● Exercise details: Print the line that contains "a view of a", then every line after it until the entries end, exactly as they read; do not include pictures.

[Records from a data collection]
<<<<
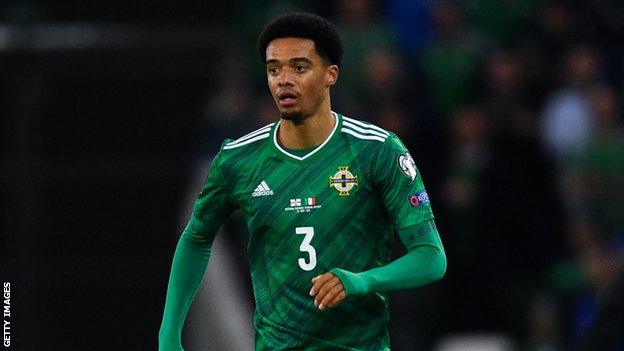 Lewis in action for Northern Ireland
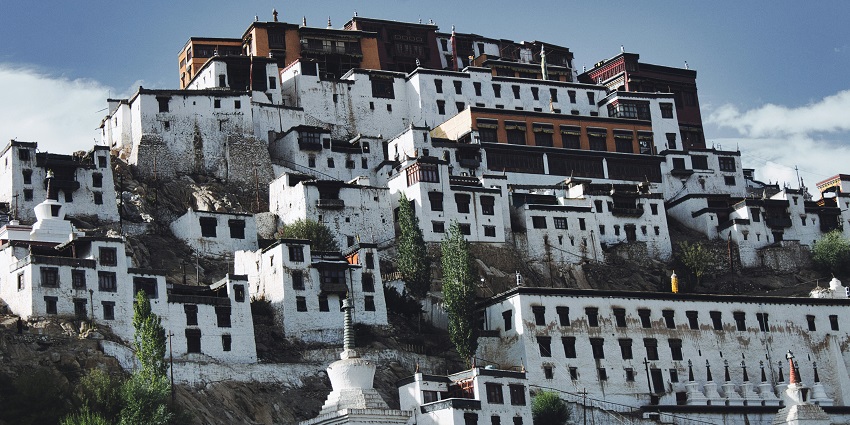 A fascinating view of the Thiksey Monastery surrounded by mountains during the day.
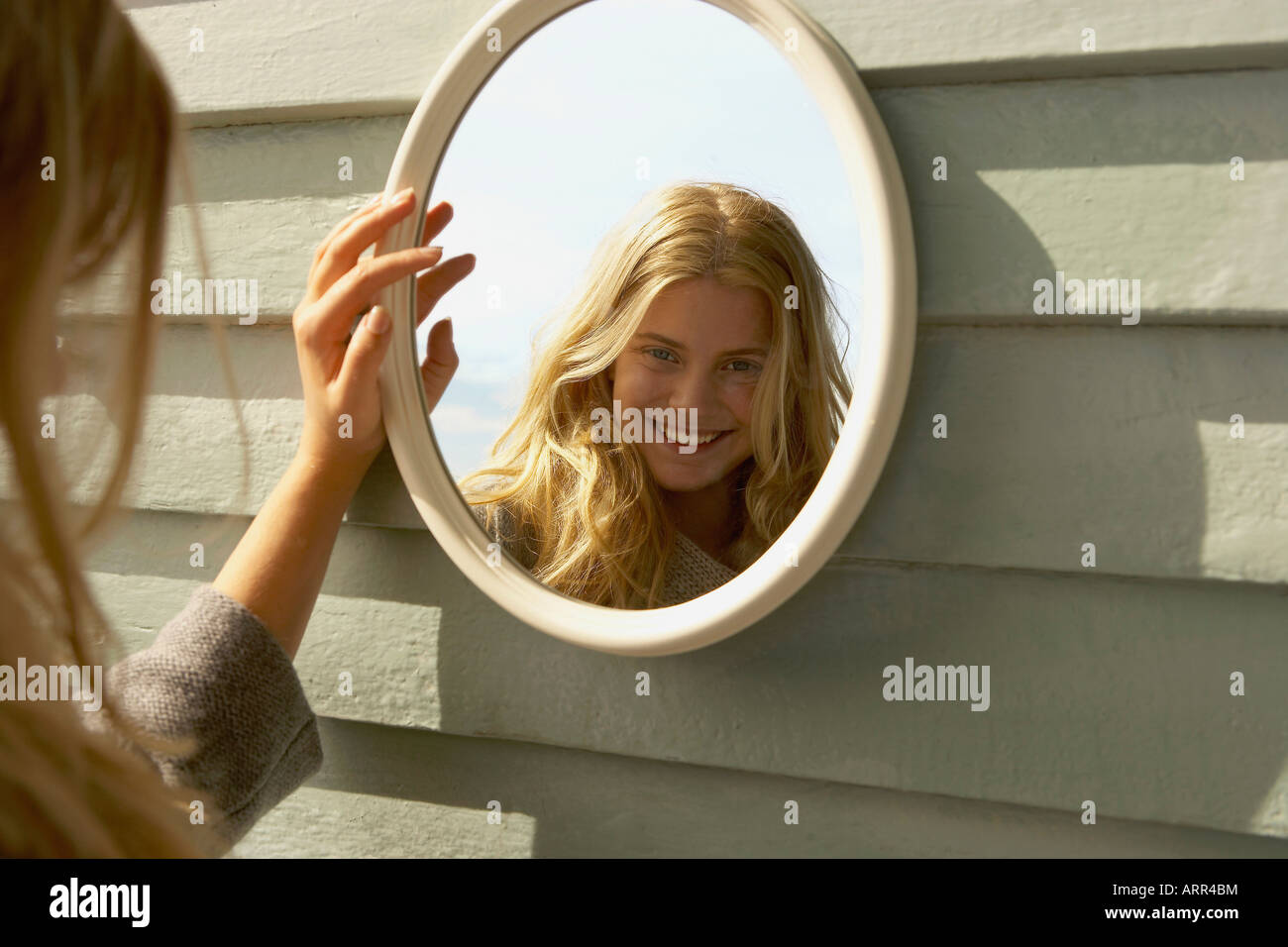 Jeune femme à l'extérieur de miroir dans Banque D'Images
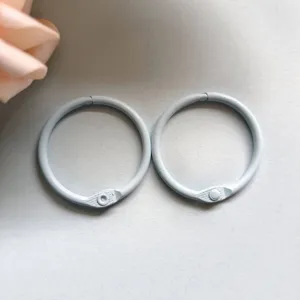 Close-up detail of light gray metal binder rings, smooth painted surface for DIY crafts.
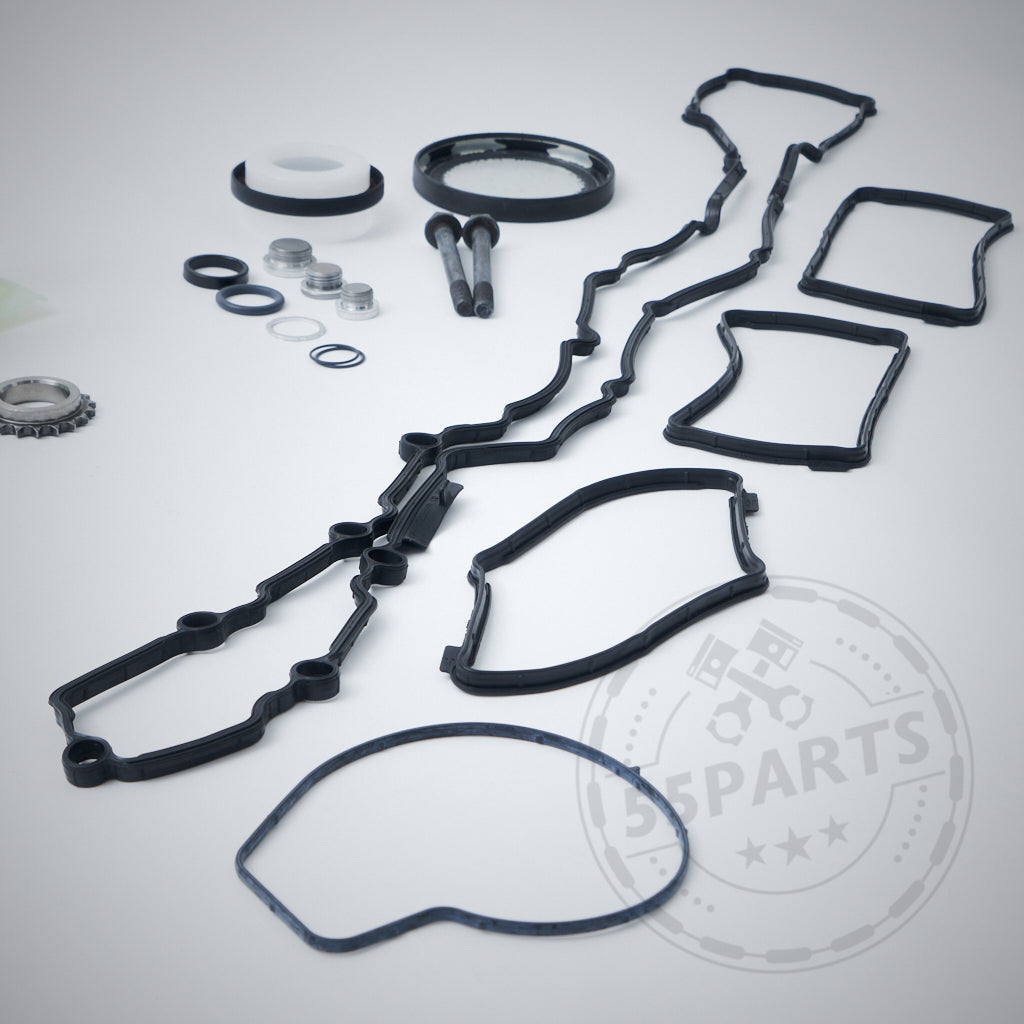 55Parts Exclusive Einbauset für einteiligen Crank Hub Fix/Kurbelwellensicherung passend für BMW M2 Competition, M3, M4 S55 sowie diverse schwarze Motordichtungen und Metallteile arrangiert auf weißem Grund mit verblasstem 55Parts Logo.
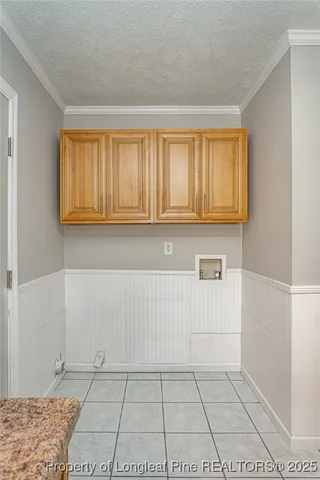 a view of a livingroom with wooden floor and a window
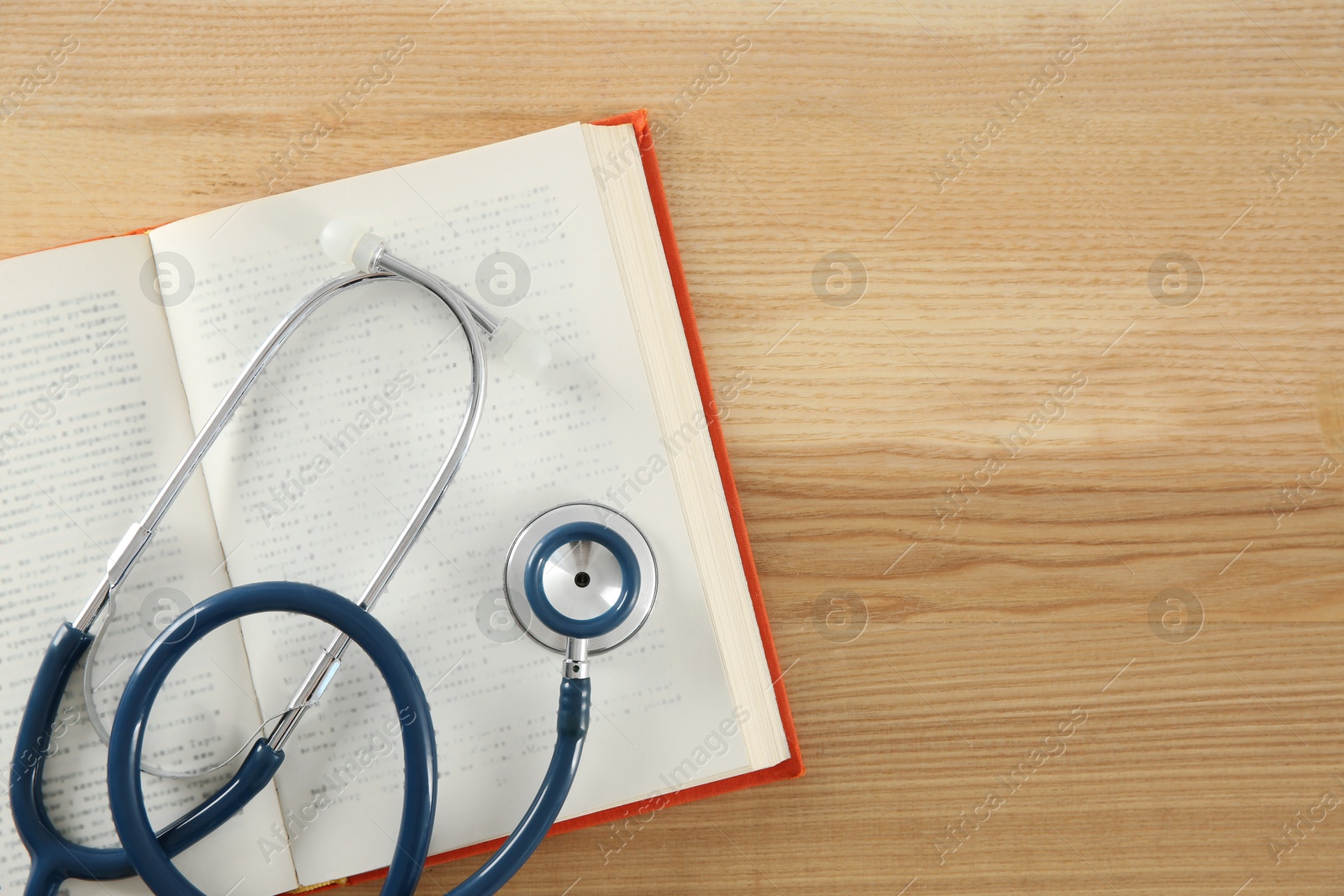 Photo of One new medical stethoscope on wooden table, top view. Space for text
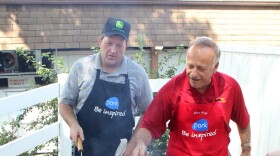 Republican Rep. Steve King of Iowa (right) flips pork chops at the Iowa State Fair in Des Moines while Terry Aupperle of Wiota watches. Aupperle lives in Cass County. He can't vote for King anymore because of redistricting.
>>>>
● Exercise solution:
 a view of a livingroom with wooden floor and a window
 Photo of One new medical stethoscope on wooden table, top view. Space for text
 Republican Rep. Steve King of Iowa (right) flips pork chops at the Iowa State Fair in Des Moines while Terry Aupperle of Wiota watches. Aupperle lives in Cass County. He can't vote for King anymore because of redistricting.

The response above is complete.